EXERCISE DIRECTIONS: Find "Cyber Security KPIs" and "集MCU、DDR、NandF" in the records below. Copy the lines holding them and every line between, exactly, and no others.

EXERCISE DATA:
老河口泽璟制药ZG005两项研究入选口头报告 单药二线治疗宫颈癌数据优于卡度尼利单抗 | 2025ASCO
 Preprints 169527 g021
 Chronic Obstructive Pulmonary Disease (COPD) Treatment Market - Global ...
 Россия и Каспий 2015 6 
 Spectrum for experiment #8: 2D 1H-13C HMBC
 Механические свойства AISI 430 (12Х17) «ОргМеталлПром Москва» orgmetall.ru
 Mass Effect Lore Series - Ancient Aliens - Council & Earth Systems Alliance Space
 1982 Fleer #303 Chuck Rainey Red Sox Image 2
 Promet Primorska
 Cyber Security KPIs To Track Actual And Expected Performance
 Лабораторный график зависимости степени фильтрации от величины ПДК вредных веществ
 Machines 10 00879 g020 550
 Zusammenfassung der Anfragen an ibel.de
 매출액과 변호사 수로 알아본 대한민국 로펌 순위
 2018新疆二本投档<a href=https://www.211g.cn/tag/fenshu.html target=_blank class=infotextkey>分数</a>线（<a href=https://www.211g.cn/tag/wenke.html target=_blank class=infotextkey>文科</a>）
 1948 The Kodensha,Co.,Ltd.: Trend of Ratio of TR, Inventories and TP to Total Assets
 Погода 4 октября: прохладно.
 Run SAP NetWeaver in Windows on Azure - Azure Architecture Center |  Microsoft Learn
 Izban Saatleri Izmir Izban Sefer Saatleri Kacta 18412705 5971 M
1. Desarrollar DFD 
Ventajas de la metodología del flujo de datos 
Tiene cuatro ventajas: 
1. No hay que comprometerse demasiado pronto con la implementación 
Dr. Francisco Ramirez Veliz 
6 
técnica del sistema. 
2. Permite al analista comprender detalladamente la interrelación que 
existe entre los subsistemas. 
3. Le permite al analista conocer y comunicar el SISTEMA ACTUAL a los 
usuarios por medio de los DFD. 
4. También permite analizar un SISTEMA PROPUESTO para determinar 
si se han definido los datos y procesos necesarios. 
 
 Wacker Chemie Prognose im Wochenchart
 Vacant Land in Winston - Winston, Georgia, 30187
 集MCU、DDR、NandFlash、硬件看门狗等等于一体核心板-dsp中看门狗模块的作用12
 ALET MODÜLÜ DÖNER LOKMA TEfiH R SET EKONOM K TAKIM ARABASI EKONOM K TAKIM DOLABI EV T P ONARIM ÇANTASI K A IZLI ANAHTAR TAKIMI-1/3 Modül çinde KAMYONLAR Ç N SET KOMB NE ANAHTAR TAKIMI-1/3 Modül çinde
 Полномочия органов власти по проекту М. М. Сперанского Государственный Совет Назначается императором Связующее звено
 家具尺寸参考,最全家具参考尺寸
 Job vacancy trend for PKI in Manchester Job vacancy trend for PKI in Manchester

THE COMPLETED TASK:
 Cyber Security KPIs To Track Actual And Expected Performance
 Лабораторный график зависимости степени фильтрации от величины ПДК вредных веществ
 Machines 10 00879 g020 550
 Zusammenfassung der Anfragen an ibel.de
 매출액과 변호사 수로 알아본 대한민국 로펌 순위
 2018新疆二本投档<a href=https://www.211g.cn/tag/fenshu.html target=_blank class=infotextkey>分数</a>线（<a href=https://www.211g.cn/tag/wenke.html target=_blank class=infotextkey>文科</a>）
 1948 The Kodensha,Co.,Ltd.: Trend of Ratio of TR, Inventories and TP to Total Assets
 Погода 4 октября: прохладно.
 Run SAP NetWeaver in Windows on Azure - Azure Architecture Center |  Microsoft Learn
 Izban Saatleri Izmir Izban Sefer Saatleri Kacta 18412705 5971 M
1. Desarrollar DFD 
Ventajas de la metodología del flujo de datos 
Tiene cuatro ventajas: 
1. No hay que comprometerse demasiado pronto con la implementación 
Dr. Francisco Ramirez Veliz 
6 
técnica del sistema. 
2. Permite al analista comprender detalladamente la interrelación que 
existe entre los subsistemas. 
3. Le permite al analista conocer y comunicar el SISTEMA ACTUAL a los 
usuarios por medio de los DFD. 
4. También permite analizar un SISTEMA PROPUESTO para determinar 
si se han definido los datos y procesos necesarios. 
 
 Wacker Chemie Prognose im Wochenchart
 Vacant Land in Winston - Winston, Georgia, 30187
 集MCU、DDR、NandFlash、硬件看门狗等等于一体核心板-dsp中看门狗模块的作用12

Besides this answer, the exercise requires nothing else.